Penny SERRELL v. FRANKLIN COUNTY & another.1
On May 22, 1993, the plaintiff, Penny Serrell, was visiting an inmate at the Franklin County house of correction. During her visit, a different inmate, Clyde Brown, was also visiting with his girlfriend, he sitting on one side of the screen separating inmates and prisoners, she on the other. Heated words and a quarrel between Brown and his girlfriend ensued; despite the presence of correctional officers, Brown ranged approximately thirty feet from where he had been sitting, crossed over to the visitors' side of the screen, and accosted his girlfriend. The correctional officers attempted to subdue Brown and, during the struggle, the officers caused an iron gate in the visitors' area to be pinned up against Serrell, who suffered serious injury.
Serrell brought suit under the Tort Claims Act, G.L. c. 258, against Franklin County and its sheriff. She alleged that the county negligently failed to provide a safe area in which to visit an inmate, that the sheriff negligently failed properly to train, instruct and supervise the correctional officers, that the correctional officers negligently failed to monitor inmates in the visiting area in a reasonable manner and, when they ultimately intervened, were negligent in their attempts to restrain Brown on the visitors' side of the area. A Superior Court judge allowed the defendants'2 motion for summary judgment, ruling that the plaintiff's claims were barred either by G.L. c. 258, § 10(b ) (discretionary function immunity), or by § 10(j ) (immunity for failures to prevent or diminish harm).
On appeal, Serrell claims error in two respects. First, she argues that it was error to allow the county's motion for summary judgment where genuine issues of material fact exist which might preclude the application of § 10(b ) and § 10(j ) to her claim.
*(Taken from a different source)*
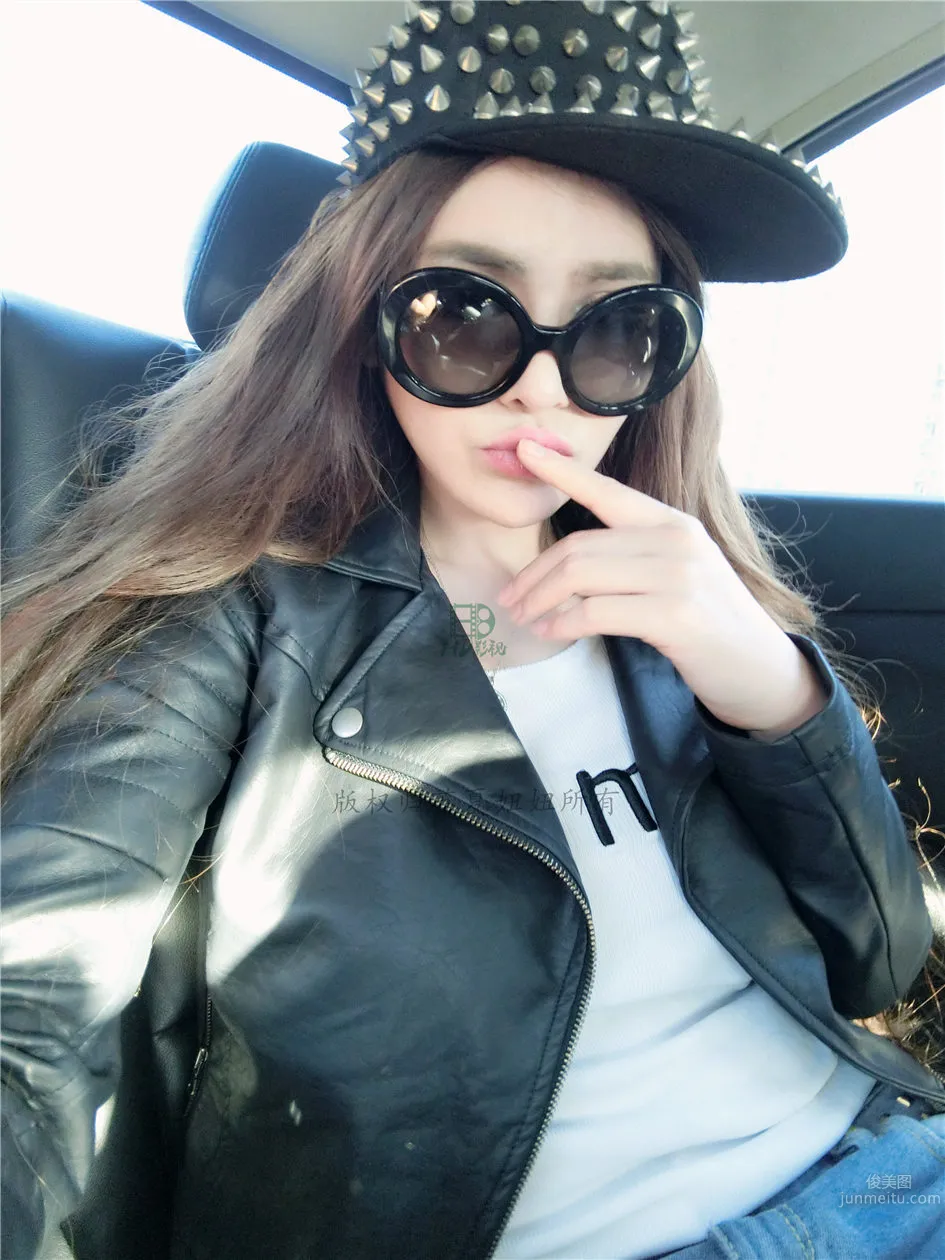 蘇夏妞妞- 網絡紅人微博性感自拍圖片 20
Second, she contends that the judge abused her discretion in denying Serrell's request, pursuant to Mass.R.Civ.P. 56(f), 365 Mass. 825 (1974), to continue action on the defendants' prematurely filed summary judgment motion until Serrell could undertake additional discovery.
Discussion. The plaintiff propounded several theories for the county's negligence: the failure to provide a safe area in which to visit an inmate; the failure properly to train, instruct and supervise correctional officers; the correctional officers' failure to monitor the inmates in the visiting area and thereby control and ameliorate an increasingly volatile situation; and the correctional officers' failure to act with due care when intervening to subdue Brown.
As to all but the last theory of negligence, viz., negligent intervention, we think entirely correct the Superior Court judge's analysis and conclusion that they succumb to the bar of both § 10(b ) discretionary function immunity and/or § 10(j ) immunity for failures to prevent or diminish harm. The last theory of negligence, however, merits further scrutiny.
The actions of the correctional officers in intervening to subdue an inmate who had crossed over into the visitors' area in order to attack his girlfriend do not appear to be discretionary functions immunized from tort liability by G.L. c. 258, § 10(b ), as inserted by St.1978, c. 512, § 15. That section renders inapplicable otherwise pertinent provisions of the Tort Claims Act for “any claim based upon the exercise or performance or the failure to exercise or perform a discretionary function or duty on the part of a public employer or public employee, acting within the scope of his office or employment, whether or not the discretion involved is abused[.]” The two-part test for determining whether a plaintiff's claim is foreclosed by § 10(b ), was articulated as follows in Harry Stoller & Co. v. Lowell, 412 Mass. 139, 141, 587 N.E.2d 780 (1992). First, it must be determined whether the governmental actors, here the correctional officers, had any discretion to do or not do what Serrell claims caused her harm. “[I]f the governmental actor had no discretion because a course of action was prescribed by a statute, regulation, or established agency practice, a discretionary function exception to governmental liability has no role to play in deciding the case.” Id. at 141, 587 N.E.2d 780. If this part of the test is met (i.e., the governmental actor did have some amount of discretion), we go on to the second part to determine whether the discretion that the governmental actor had is of the kind for which § 10(b ) provides immunity. The dividing line is between, on the one hand, those functions resting on the exercise of judgment and discretion geared toward planning and policymaking, for which there would be governmental immunity, and, on the other, those functions involving the implementation and execution of previously established governmental policy and planning, for which there would be no governmental immunity. Id. at 142, 587 N.E.2d 780.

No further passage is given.